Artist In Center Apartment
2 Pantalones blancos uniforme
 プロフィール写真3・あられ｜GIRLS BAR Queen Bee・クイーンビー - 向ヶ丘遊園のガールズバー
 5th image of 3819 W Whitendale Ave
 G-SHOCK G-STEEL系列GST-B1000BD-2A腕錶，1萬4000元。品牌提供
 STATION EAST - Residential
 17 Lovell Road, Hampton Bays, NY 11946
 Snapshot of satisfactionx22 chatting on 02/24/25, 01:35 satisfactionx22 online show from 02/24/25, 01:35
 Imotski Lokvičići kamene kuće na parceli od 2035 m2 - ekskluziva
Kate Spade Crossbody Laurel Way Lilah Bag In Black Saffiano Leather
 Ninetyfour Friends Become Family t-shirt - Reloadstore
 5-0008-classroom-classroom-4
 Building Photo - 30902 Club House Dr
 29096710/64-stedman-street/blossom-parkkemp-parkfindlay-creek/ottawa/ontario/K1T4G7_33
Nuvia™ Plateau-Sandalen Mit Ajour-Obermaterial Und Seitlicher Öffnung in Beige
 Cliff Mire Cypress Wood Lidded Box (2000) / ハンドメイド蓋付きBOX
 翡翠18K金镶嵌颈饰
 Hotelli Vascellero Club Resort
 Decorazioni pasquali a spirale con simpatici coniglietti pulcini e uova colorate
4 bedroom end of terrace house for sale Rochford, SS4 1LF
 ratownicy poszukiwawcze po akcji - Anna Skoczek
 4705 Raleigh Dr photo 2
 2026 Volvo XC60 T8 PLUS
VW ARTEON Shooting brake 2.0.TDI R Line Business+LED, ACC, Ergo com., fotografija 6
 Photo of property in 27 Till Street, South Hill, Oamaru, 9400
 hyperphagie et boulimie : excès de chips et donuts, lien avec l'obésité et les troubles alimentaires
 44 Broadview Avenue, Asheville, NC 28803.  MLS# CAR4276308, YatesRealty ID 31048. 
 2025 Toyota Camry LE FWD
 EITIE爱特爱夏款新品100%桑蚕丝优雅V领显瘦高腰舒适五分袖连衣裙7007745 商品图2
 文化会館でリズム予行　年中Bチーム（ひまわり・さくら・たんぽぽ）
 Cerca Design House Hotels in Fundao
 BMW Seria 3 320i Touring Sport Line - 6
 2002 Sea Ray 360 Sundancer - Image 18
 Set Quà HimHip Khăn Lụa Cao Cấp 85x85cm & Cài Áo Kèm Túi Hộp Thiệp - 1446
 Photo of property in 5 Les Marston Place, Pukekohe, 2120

TASK BRIEF
Each line from the one containing "hyperphagie et boulimie" down to the final line of the listing must appear in the answer exactly as written, and no other line may.

ANSWER FOR THIS EXERCISE
 hyperphagie et boulimie : excès de chips et donuts, lien avec l'obésité et les troubles alimentaires
 44 Broadview Avenue, Asheville, NC 28803.  MLS# CAR4276308, YatesRealty ID 31048. 
 2025 Toyota Camry LE FWD
 EITIE爱特爱夏款新品100%桑蚕丝优雅V领显瘦高腰舒适五分袖连衣裙7007745 商品图2
 文化会館でリズム予行　年中Bチーム（ひまわり・さくら・たんぽぽ）
 Cerca Design House Hotels in Fundao
 BMW Seria 3 320i Touring Sport Line - 6
 2002 Sea Ray 360 Sundancer - Image 18
 Set Quà HimHip Khăn Lụa Cao Cấp 85x85cm & Cài Áo Kèm Túi Hộp Thiệp - 1446
 Photo of property in 5 Les Marston Place, Pukekohe, 2120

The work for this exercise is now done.